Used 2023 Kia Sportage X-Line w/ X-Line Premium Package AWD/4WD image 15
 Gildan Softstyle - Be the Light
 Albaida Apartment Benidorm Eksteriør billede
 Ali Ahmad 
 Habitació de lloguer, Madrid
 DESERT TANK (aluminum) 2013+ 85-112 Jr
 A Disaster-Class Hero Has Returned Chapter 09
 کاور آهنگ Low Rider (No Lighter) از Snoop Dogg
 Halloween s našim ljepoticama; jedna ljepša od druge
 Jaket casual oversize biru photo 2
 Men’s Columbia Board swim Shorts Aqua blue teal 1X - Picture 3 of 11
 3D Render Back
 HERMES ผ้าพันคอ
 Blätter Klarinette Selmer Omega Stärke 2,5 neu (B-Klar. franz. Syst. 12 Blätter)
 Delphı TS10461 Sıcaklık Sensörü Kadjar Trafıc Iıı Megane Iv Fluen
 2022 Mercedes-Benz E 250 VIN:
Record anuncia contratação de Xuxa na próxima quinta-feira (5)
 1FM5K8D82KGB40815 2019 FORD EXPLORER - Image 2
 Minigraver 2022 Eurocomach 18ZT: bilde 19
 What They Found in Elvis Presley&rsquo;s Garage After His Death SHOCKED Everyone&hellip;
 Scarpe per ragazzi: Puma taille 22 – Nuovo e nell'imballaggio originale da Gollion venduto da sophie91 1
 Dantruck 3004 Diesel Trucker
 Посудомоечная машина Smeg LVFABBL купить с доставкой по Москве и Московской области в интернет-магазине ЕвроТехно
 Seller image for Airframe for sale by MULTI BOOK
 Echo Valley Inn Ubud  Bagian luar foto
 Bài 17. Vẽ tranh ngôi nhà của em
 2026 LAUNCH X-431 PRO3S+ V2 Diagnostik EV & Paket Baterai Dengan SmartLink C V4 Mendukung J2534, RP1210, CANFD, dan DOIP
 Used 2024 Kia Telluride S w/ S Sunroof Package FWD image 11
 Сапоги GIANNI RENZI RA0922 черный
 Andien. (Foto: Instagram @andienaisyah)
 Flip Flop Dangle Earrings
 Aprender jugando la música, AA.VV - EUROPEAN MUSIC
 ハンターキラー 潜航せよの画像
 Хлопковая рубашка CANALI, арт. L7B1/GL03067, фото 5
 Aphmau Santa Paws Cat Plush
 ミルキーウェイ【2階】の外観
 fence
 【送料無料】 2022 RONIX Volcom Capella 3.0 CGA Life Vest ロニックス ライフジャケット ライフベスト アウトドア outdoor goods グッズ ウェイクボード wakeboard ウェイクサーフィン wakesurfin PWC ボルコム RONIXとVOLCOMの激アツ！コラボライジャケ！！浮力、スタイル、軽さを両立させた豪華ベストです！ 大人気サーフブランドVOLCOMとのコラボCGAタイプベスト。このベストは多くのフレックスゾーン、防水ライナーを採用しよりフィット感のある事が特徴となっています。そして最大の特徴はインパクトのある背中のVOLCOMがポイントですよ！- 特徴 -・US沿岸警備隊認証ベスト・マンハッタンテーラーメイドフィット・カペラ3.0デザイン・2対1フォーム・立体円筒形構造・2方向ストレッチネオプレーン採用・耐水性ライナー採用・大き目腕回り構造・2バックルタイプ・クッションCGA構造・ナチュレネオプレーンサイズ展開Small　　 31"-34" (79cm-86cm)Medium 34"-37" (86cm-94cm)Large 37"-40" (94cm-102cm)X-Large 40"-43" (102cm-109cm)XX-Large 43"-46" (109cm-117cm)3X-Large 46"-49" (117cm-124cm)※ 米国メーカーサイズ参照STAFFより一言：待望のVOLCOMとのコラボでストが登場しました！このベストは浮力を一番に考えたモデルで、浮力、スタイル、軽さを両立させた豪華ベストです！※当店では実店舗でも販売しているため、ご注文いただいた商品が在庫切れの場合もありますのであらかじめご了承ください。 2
* * * * * * * * *
## Try it
Copy out each record from above, exactly.

## Output below
Used 2023 Kia Sportage X-Line w/ X-Line Premium Package AWD/4WD image 15
 Gildan Softstyle - Be the Light
 Albaida Apartment Benidorm Eksteriør billede
 Ali Ahmad 
 Habitació de lloguer, Madrid
 DESERT TANK (aluminum) 2013+ 85-112 Jr
 A Disaster-Class Hero Has Returned Chapter 09
 کاور آهنگ Low Rider (No Lighter) از Snoop Dogg
 Halloween s našim ljepoticama; jedna ljepša od druge
 Jaket casual oversize biru photo 2
 Men’s Columbia Board swim Shorts Aqua blue teal 1X - Picture 3 of 11
 3D Render Back
 HERMES ผ้าพันคอ
 Blätter Klarinette Selmer Omega Stärke 2,5 neu (B-Klar. franz. Syst. 12 Blätter)
 Delphı TS10461 Sıcaklık Sensörü Kadjar Trafıc Iıı Megane Iv Fluen
 2022 Mercedes-Benz E 250 VIN:
Record anuncia contratação de Xuxa na próxima quinta-feira (5)
 1FM5K8D82KGB40815 2019 FORD EXPLORER - Image 2
 Minigraver 2022 Eurocomach 18ZT: bilde 19
 What They Found in Elvis Presley&rsquo;s Garage After His Death SHOCKED Everyone&hellip;
 Scarpe per ragazzi: Puma taille 22 – Nuovo e nell'imballaggio originale da Gollion venduto da sophie91 1
 Dantruck 3004 Diesel Trucker
 Посудомоечная машина Smeg LVFABBL купить с доставкой по Москве и Московской области в интернет-магазине ЕвроТехно
 Seller image for Airframe for sale by MULTI BOOK
 Echo Valley Inn Ubud  Bagian luar foto
 Bài 17. Vẽ tranh ngôi nhà của em
 2026 LAUNCH X-431 PRO3S+ V2 Diagnostik EV & Paket Baterai Dengan SmartLink C V4 Mendukung J2534, RP1210, CANFD, dan DOIP
 Used 2024 Kia Telluride S w/ S Sunroof Package FWD image 11
 Сапоги GIANNI RENZI RA0922 черный
 Andien. (Foto: Instagram @andienaisyah)
 Flip Flop Dangle Earrings
 Aprender jugando la música, AA.VV - EUROPEAN MUSIC
 ハンターキラー 潜航せよの画像
 Хлопковая рубашка CANALI, арт. L7B1/GL03067, фото 5
 Aphmau Santa Paws Cat Plush
 ミルキーウェイ【2階】の外観
 fence
 【送料無料】 2022 RONIX Volcom Capella 3.0 CGA Life Vest ロニックス ライフジャケット ライフベスト アウトドア outdoor goods グッズ ウェイクボード wakeboard ウェイクサーフィン wakesurfin PWC ボルコム RONIXとVOLCOMの激アツ！コラボライジャケ！！浮力、スタイル、軽さを両立させた豪華ベストです！ 大人気サーフブランドVOLCOMとのコラボCGAタイプベスト。このベストは多くのフレックスゾーン、防水ライナーを採用しよりフィット感のある事が特徴となっています。そして最大の特徴はインパクトのある背中のVOLCOMがポイントですよ！- 特徴 -・US沿岸警備隊認証ベスト・マンハッタンテーラーメイドフィット・カペラ3.0デザイン・2対1フォーム・立体円筒形構造・2方向ストレッチネオプレーン採用・耐水性ライナー採用・大き目腕回り構造・2バックルタイプ・クッションCGA構造・ナチュレネオプレーンサイズ展開Small　　 31"-34" (79cm-86cm)Medium 34"-37" (86cm-94cm)Large 37"-40" (94cm-102cm)X-Large 40"-43" (102cm-109cm)XX-Large 43"-46" (109cm-117cm)3X-Large 46"-49" (117cm-124cm)※ 米国メーカーサイズ参照STAFFより一言：待望のVOLCOMとのコラボでストが登場しました！このベストは浮力を一番に考えたモデルで、浮力、スタイル、軽さを両立させた豪華ベストです！※当店では実店舗でも販売しているため、ご注文いただいた商品が在庫切れの場合もありますのであらかじめご了承ください。 2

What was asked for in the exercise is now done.